## GOAL OF THE EXERCISE
Since only part of the records is wanted, repeat exactly the lines from the one containing "تصاویر / نشست" through the last line, both included.

Extracted data entries:
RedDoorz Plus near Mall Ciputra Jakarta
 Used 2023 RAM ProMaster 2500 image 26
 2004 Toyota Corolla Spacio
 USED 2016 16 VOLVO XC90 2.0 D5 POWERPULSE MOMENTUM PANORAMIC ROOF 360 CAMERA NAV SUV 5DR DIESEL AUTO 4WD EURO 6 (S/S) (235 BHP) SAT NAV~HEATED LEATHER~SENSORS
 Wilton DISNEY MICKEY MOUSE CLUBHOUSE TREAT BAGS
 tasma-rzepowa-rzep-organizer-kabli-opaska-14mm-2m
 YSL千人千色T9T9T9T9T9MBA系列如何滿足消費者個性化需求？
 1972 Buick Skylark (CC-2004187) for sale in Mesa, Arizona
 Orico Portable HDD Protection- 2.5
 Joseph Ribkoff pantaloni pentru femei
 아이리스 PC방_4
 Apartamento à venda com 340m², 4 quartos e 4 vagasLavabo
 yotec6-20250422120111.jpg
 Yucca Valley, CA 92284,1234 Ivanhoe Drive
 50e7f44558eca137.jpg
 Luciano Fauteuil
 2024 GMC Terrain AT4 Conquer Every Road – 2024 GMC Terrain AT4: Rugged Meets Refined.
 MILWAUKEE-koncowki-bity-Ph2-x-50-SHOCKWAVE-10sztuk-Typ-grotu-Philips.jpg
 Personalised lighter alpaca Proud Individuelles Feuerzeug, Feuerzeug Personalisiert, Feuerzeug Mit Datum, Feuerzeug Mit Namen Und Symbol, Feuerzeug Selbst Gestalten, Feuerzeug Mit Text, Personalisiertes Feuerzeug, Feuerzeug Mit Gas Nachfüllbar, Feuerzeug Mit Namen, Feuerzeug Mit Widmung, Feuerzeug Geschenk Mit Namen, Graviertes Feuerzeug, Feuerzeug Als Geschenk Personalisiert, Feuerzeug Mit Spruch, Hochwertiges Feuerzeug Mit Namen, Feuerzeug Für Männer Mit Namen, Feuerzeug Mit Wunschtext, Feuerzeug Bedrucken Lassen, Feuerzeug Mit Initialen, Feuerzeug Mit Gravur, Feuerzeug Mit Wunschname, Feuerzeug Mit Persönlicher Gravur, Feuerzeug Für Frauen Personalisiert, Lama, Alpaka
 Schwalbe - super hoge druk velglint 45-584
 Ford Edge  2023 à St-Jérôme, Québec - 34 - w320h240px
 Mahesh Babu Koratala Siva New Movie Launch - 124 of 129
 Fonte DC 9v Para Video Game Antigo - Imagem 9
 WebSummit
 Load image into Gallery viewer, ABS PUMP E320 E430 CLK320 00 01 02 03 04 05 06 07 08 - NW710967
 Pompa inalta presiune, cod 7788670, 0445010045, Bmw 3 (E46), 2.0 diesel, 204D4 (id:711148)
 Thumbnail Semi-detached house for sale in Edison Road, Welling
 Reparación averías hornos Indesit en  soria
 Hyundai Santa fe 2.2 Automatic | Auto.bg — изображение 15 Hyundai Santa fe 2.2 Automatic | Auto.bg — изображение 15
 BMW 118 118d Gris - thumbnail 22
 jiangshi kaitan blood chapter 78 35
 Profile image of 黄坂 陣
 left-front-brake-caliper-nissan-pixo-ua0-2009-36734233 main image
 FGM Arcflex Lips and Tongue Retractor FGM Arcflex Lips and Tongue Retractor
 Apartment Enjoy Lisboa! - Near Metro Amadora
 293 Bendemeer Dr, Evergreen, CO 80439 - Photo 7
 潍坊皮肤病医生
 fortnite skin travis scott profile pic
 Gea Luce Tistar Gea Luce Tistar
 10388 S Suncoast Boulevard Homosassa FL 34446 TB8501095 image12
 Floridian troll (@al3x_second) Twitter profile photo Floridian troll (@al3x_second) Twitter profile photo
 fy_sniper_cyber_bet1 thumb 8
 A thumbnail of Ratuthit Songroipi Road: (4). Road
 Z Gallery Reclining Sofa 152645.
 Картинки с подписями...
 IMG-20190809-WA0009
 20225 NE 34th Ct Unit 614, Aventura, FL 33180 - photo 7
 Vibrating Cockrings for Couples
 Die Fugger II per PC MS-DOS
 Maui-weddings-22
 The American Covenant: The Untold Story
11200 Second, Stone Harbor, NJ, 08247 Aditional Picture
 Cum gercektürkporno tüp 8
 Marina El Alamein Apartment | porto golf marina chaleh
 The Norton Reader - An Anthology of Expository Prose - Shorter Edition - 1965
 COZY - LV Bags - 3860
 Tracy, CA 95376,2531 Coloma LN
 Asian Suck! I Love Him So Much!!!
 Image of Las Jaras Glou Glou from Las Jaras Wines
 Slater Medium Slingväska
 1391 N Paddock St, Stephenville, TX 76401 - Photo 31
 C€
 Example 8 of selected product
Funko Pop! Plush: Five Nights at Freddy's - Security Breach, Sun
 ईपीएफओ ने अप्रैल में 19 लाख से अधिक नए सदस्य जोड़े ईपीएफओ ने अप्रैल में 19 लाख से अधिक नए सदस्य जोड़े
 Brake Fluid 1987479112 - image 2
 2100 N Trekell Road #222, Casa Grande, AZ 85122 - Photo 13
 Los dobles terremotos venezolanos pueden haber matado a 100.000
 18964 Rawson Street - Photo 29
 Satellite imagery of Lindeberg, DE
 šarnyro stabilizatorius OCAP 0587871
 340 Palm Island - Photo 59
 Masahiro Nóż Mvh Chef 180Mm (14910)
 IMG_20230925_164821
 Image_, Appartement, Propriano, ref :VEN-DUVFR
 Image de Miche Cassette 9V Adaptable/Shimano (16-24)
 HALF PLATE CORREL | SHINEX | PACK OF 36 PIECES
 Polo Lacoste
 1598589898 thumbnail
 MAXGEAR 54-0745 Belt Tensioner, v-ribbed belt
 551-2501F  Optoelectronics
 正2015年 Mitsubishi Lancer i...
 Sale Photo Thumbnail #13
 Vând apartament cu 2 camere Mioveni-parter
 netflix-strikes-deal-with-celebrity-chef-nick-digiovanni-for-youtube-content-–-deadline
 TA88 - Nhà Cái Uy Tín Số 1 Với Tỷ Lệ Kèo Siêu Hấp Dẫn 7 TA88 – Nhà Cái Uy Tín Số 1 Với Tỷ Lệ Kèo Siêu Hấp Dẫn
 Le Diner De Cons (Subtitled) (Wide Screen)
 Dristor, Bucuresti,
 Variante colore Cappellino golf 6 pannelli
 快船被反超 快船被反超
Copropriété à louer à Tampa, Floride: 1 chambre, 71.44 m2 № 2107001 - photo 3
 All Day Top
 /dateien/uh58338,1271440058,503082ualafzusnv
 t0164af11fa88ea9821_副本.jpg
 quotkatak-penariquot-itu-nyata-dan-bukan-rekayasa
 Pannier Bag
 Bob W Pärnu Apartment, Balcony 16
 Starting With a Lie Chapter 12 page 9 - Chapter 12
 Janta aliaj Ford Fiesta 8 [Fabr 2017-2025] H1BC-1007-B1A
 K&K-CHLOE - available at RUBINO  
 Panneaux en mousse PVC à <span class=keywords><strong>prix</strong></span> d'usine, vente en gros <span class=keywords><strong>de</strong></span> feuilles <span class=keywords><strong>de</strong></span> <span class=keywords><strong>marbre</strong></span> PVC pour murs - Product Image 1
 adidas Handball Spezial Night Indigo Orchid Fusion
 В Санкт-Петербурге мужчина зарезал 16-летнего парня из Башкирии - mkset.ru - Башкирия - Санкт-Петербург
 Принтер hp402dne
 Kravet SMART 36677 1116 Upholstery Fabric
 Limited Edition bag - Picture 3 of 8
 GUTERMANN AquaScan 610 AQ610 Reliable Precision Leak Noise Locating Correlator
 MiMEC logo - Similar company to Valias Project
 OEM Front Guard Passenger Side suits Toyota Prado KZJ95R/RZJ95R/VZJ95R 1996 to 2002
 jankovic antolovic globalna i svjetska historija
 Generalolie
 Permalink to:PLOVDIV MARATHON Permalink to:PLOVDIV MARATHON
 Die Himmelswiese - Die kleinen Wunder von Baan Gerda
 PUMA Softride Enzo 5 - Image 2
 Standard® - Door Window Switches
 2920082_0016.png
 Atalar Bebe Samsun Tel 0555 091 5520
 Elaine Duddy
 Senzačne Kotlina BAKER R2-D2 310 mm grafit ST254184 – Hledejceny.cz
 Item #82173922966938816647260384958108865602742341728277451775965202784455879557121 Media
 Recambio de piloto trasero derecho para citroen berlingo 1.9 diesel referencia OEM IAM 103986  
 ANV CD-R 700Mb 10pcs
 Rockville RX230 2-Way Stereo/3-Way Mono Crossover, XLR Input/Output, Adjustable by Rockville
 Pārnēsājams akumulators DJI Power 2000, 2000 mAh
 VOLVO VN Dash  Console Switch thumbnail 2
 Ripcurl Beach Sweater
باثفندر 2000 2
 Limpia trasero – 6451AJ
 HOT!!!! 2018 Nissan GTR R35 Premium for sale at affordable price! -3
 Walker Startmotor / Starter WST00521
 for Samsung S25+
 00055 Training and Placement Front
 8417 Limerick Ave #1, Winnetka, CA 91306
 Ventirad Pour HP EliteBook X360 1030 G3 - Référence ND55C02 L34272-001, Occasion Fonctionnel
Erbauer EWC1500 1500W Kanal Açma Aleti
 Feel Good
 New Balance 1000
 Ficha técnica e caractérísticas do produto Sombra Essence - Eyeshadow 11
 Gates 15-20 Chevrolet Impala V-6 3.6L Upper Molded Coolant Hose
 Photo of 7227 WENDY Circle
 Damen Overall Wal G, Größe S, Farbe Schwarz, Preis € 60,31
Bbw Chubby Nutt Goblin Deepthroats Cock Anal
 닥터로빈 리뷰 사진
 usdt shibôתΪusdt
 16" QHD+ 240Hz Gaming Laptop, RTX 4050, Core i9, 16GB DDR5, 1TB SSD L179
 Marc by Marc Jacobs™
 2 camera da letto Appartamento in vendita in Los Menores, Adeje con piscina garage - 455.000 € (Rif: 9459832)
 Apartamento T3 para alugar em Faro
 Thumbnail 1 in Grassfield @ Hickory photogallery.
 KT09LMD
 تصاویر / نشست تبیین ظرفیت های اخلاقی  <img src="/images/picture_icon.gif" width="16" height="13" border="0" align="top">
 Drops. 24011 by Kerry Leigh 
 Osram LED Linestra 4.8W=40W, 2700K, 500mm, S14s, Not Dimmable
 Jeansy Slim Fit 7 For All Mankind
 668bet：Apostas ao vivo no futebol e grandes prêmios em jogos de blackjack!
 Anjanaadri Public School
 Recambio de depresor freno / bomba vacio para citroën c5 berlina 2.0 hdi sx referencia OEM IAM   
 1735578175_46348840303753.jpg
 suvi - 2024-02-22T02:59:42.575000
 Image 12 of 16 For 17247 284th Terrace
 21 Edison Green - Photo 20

## EXERCISE RESULT
 تصاویر / نشست تبیین ظرفیت های اخلاقی  <img src="/images/picture_icon.gif" width="16" height="13" border="0" align="top">
 Drops. 24011 by Kerry Leigh 
 Osram LED Linestra 4.8W=40W, 2700K, 500mm, S14s, Not Dimmable
 Jeansy Slim Fit 7 For All Mankind
 668bet：Apostas ao vivo no futebol e grandes prêmios em jogos de blackjack!
 Anjanaadri Public School
 Recambio de depresor freno / bomba vacio para citroën c5 berlina 2.0 hdi sx referencia OEM IAM   
 1735578175_46348840303753.jpg
 suvi - 2024-02-22T02:59:42.575000
 Image 12 of 16 For 17247 284th Terrace
 21 Edison Green - Photo 20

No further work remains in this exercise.